Quite often, the topic of how a developer should construct alphabetical “spell-out” grammars, or how one can best create an alpha-numeric recognition grammar is posed to the support team at voxeo. Many a posting to our VoiceXML developer forums has touched on this subject, but we haven’t really delved into this in precise detail to explain exactly why this is such a challenge until now.
“Alphabetical recognition is a challenge?”, you ask? You bet it is, if you want to get any semblance of accurate recognition results. And when we throw alpha characters, and maybe some numeric characters within the same utterance string, then we are really looking at a difficult grammar to get tuned to a point where it is usable.
So whats the big deal, anyhow?
The inherent problems with spelled input recognition is best illustrated by a simple anecdote:
Imagine that you are at a restaurant on a busy Friday evening, and waiting for your table. While in the lobby, there are people chatting, children cavorting about, and harried workers trying to seat the flood of diners. At the same time, your friends who are joining you for dinner call to say that they are lost, and ask for directions to the restaurant. Amidst all the background chatter, glasses clinking and the rest of the noisy distractions, how many times do you have to repeat “From I-95, get off on exit 76B, and then take a left at Montana street” before your buddy is able to accurately understand what you are saying? In this worst case scenario, at best you may have to repeat yourself only once. Even if the restaurant was dead empty, and as silent as a tomb, the chances for your pal misunderstanding “exit 76B” for “exit 763″ or something similar is not only quite plausible, but highly likely.

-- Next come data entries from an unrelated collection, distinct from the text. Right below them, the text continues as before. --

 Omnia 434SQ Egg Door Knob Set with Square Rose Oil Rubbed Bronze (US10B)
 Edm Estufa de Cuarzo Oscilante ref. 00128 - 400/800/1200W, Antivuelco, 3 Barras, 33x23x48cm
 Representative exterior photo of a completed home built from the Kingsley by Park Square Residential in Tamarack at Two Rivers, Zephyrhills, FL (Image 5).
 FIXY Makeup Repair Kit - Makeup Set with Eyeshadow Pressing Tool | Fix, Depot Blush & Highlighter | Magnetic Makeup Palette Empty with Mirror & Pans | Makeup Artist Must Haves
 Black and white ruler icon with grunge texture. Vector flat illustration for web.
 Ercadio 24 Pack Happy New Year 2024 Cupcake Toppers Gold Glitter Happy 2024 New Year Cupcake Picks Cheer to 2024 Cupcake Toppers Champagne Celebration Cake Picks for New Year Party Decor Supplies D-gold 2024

The root of the problem with alpha grammars, and even more so with alpha-numeric grammars is the staggering chance of disambiguation of like-sounding matches: “B” sounds like “C”, sounds like “Z”, sounds like “E”, sounds like “three”, and “M” sounds like “N” sounds like “ten”……you get the picture. And this is for a *single character match* only: To further illustrate the challenges that we face, consider the fact that a 1-character alphabet grammar has only 26 possible results. But a 7-character grammar would have over eight BILLION possibilities. As you can imagine, the amount of possible results for an alphagram of arbitrary length is simply staggering.
Suggestions for alphabetical voice reco: Alternative Options
Firstly, constructing a user-defined alphabet grammar is something that we don’t really recommend attempting for “spell anything” applications, as the plain, unvarnished truth is that todays voice recognition technology is simply not up to the task. To be certain, improvements in ASR technology over the past few years has seen dramatic improvements, but not so much as to allow us to spell, or say just any old utterance and expect accurate match results. In a lot of cases, a Statistical Language Model grammar will do the job, assuming that you expect your callers to input certain types of input, such as a first name, a city name, or a state name.

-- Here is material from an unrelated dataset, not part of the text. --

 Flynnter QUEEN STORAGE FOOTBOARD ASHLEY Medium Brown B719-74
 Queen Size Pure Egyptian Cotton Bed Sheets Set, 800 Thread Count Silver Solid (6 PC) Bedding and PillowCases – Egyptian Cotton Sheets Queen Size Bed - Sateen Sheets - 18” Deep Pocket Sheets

While this isn’t the time or place to cover SLM grammars in depth, a brief summary should explain the strengths of these pre-compiled, pre-tuned grammars. SLM grammars in the context of spelling are essentially designed to fill in the blanks when we have partial input, using predetermined logic that is tailored to the input context/category. For instance, assume that we have an SLM firstname grammar active (note that these are available when using the Prophecy + Nuance platform on the evolution.voxeo.com portal), and our spelled utterance from the caller reads like what we have below, where unrecognizable utterance fragments are represented by a question mark:
“C O R ? E L I ? S”
Using the pre-tuned logic that is part of the SLM grammar, the ASR will determine that there are no firstname matches that read as “Coraelias”, or “Corbelibs”, etc: It will make the decision that the only first name that matches this pattern where some fragments of the utterance are missing would be “Cornelius”: This is the gist of how SLM grammars work, and if your project allows you to use somewhat narrower categories for any utterance you want to recognize, then using a predefined SLM grammar, or even crafting your own SLM grammar is a better way to go than trying to make a flat-file alphabetical SRGS file.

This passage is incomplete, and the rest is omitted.